Dr. Joshi’s first book, New Roots in America’s Sacred Ground: Religion, Race, and Ethnicity in Indian America (Rutgers University Press, 2006), earned the National Association for Multicultural Education’s 2007 Philip C. Chinn Book Award. In addition to the works mentioned above, she co-edited Envisioning Religion, Race, and Asian Americans (University of Hawaii Press, 2020), Asian Americans in Dixie: Race and Migration in the South (University of Illinois Press, 2013), and Investigating Religious Oppression and Christian Privilege (Sense Publishers, 2008). She co-authored chapters on religious oppression and immigration, racism and globalization for the second editions of both Readings for Diversity and Social Justice (Routledge, 2010) and Teaching for Diversity and Social Justice (Routledge, 2007), and has contributed chapters to The Oxford Handbook of Religion and Race in American History (Oxford Univ. Press, 2018) and to the anthologies Intersections of Religion and Migration (Palgrave Macmillan, 2016) and Sustaining Faith Traditions (New York University Press, 2012). Dr. Joshi is the Religion, Schools And Society section editor for the Encyclopedia on Diversity in Education (Sage Publications), edited by James Banks.

Her recent academic presentations in the U.S. include invited papers at the American Academy of Religion (AAR) and the Association of Asian American Studies (AAAS). Dr. Joshi has also presented papers at one or more annual conferences of the following scholarly organizations: American Studies Association (ASA), American Educational Research Association (AERA), National Association of Multicultural Educators (NAME), and APARRI.

Dr. Joshi writes an occasional column on “Living Religion” for Religion News Service, and was a 2020 Media Partnership Fellow at Sacred Writes.
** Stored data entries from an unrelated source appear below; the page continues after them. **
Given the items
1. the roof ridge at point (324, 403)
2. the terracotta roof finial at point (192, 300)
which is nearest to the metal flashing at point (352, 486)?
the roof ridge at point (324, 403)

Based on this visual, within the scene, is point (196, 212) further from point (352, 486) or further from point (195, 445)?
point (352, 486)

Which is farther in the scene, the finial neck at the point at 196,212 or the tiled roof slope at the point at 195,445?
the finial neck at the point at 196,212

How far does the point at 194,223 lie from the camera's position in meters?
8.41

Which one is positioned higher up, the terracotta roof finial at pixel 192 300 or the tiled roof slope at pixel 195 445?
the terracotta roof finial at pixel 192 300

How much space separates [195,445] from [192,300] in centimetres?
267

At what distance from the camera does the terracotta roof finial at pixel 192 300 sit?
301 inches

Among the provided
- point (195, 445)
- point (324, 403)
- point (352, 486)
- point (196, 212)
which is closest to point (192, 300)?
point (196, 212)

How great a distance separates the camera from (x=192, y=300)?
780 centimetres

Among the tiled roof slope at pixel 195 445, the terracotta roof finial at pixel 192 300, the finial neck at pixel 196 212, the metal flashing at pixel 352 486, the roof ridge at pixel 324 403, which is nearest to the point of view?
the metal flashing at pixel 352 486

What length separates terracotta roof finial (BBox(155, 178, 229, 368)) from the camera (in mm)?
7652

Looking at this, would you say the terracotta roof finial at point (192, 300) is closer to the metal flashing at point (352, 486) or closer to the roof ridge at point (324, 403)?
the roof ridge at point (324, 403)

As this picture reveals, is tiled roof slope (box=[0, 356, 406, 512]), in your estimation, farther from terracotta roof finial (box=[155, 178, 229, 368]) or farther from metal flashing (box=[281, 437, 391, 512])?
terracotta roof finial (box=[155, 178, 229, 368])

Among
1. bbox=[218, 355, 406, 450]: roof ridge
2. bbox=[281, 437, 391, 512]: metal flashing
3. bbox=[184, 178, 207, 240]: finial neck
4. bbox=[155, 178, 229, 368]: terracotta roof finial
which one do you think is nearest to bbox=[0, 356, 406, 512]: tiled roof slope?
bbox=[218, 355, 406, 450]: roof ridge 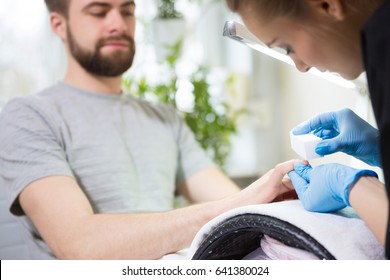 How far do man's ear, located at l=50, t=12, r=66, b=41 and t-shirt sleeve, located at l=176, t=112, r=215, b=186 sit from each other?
Result: 0.42 m

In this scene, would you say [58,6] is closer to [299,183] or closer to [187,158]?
[187,158]

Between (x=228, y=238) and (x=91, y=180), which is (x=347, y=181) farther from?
(x=91, y=180)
Often contacted by journalists, Professor Joshi has also appeared on MSNBC, CBS, BNC (the Black News Channel), C-Span, NDTV in India, CAN in Singapore, and other networks in the U.S. and abroad; been interviewed on PRI’s The World, WBAI Radio, the Voice of America, and other radio outlets; spoken as the featured guest on numerous podcasts; and been quoted in print in the New York Times, The Times of India, the Wall Street Journal, the Washington Post, the Deseret News, the Boston Globe, the Houston Chronicle, India Abroad, the Saint Louis Dispatch, The Tennessean, and the Star Ledger and Daily Record of New Jersey, among others.

Khyati Y. Joshi earned her doctorate in Social Justice Education at the University of Massachusetts-Amherst. She received a Masters in Theological Studies from Candler School of Theology at Emory University and a B.A. in Religion from Emory University. She also pursued post-graduate studies at the Hebrew University of Jerusalem and participated in the Summer Seminar for Educators at Yad Vashem, The Holocaust Martyrs' and Heroes' Remembrance Authority, in Israel. Prior to joining the faculty at Fairleigh Dickinson, Dr. Joshi was a Visiting Assistant Professor at the Center for the Study of Ethnicity and Race at Columbia University, where for two years she taught Asian American Studies and Comparative Ethnic Studies. She also taught in the American Studies program at Princeton University. She lives in Wayne, New Jersey, with her husband and son.